Does Perez's left eye look puffy? Does to me.


----------



## PityTheFool (Jun 4, 2013)

The Undefeated Gaul said:


> Hey why the hell is it showing Bryant Jennings stuff? When is the GGG fight lol


The book closes at 3 so I'm guessing an hour from now.


----------



## Them Bones (Jul 13, 2013)

JeffJoiner said:


> Two guys I've grown accustomed to cheering for, and who I like. In the end, I have to pull for Jennings.
> 
> Wouldn't mind a good fight in which neither mans stock drops much.

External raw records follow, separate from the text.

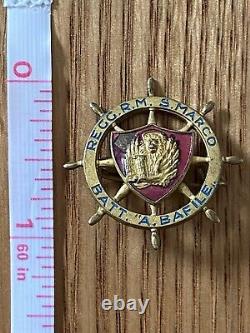 WWII Italian San Marco Royal Navy Regiment Bafile Battalion Badge 10k VERY RARE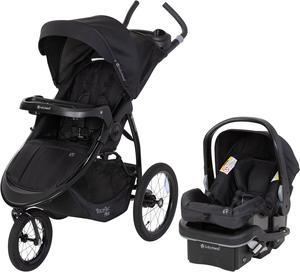 Baby Trend Expedition® Race Tec PLUS Jogger Travel System with EZ-Lift 35 PLUS Infant Car Seat, Ultra Black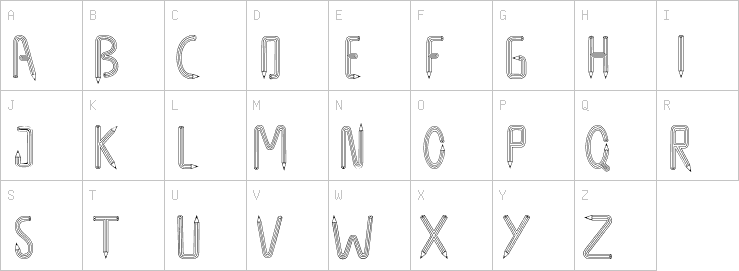 Uppercase characters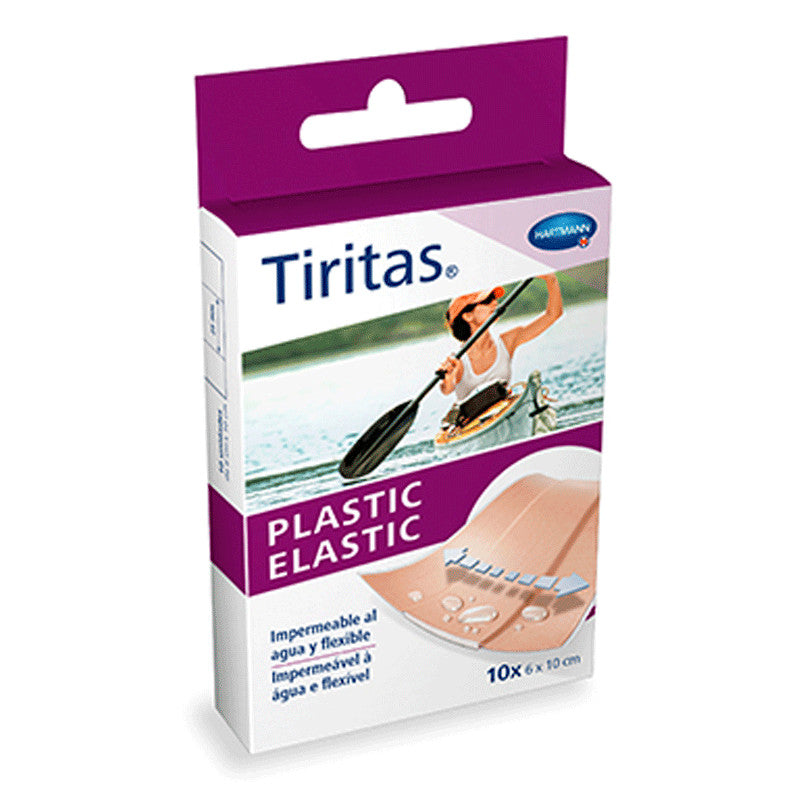 Tiritas Plastic 6X10 cm 10 unidades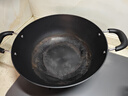 苏泊尔supor 铸铁双耳无涂层深型炒锅34CM耐磨铁锅燃气电磁炉通用FC34Y1 实拍图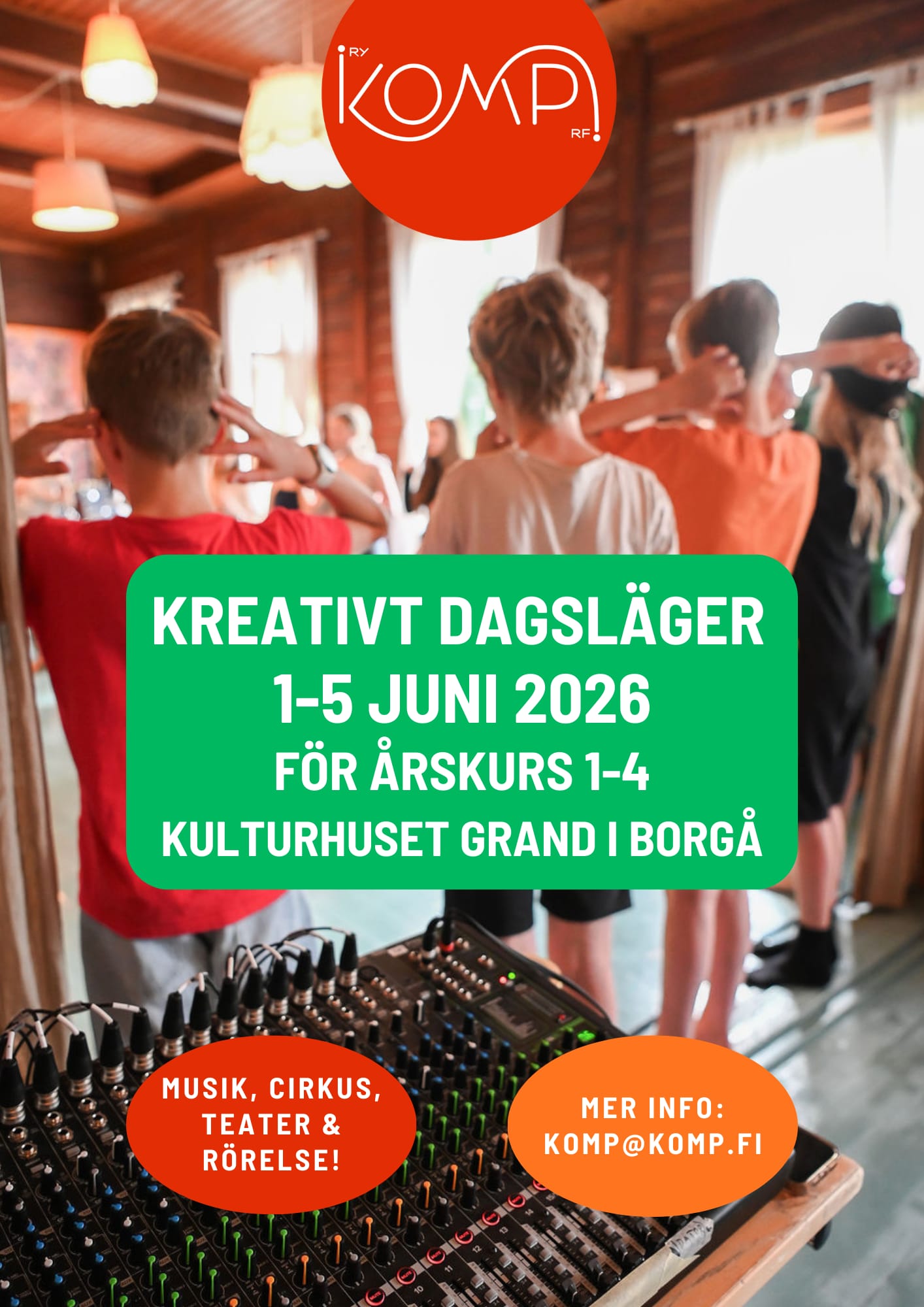 Kreativt läger, Borgå 2026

I'm in the exact same boat. Really like both fighters here.


----------



## bballchump11 (May 17, 2013)

Them Bones said:


> Come on mate, i'm sure Lampley as always will be fair and balanced when it comes to GGG :hey


:lol: oh yeah right. If the fight is close around round 5, I'll switch over just to hear what he has to say about it


----------



## ChicoTheBoy (Jun 5, 2013)

Both guys got nice crowd support, really excited for this.


----------



## bballchump11 (May 17, 2013)

oh fuck me. N/m, who has HBO stream


----------



## PityTheFool (Jun 4, 2013)

There's my Sky Sports "stream" that I pay £60 a month for going to shit!


----------



## ChicoTheBoy (Jun 5, 2013)

Im a fan of Perez so tell me if im being biased, seems like Perez sees everything that is coming from Jennings very easily in this first round. 10-9 Irish Mike.


----------



## JeffJoiner (Jun 5, 2013)

Very, very slow round. 

Perez 10-9.


----------



## Mexi-Box (Jun 4, 2013)

Perez looking comfortable; he's killing Jenning's body at the moment.


----------



## KOTF (Jun 3, 2013)

Mosley touch-gloves off


----------



## Sister Sledge (Oct 22, 2012)

10-9 Jennings.


----------



## allenko1 (Jun 27, 2012)

making it to the finals of the golden gloves as a heavyweight is not extraordinary...


----------



## Michael (Jun 8, 2012)

Come on Irish mike!


----------



## LukeO (May 12, 2013)

These punches are about the slowest/weakest punches for heavyweights I have seen for a while.


----------



## ChicoTheBoy (Jun 5, 2013)

From what I see so far, Jennings is good, but his lack of experience may lose him a fight tonight.


----------



## JeffJoiner (Jun 5, 2013)

You can see Jennings thinking a lot I. There. He has no flow. Perez looks comfortable.


----------



## KOTF (Jun 3, 2013)

The Irishman landing left hands


----------



## ChicoTheBoy (Jun 5, 2013)

2 to 0 Irish Mike, getting a lil cocky.


----------



## Michael (Jun 8, 2012)

LukeO said:


> These punches are about the slowest/weakest punches for heavyweights I have seen for a while.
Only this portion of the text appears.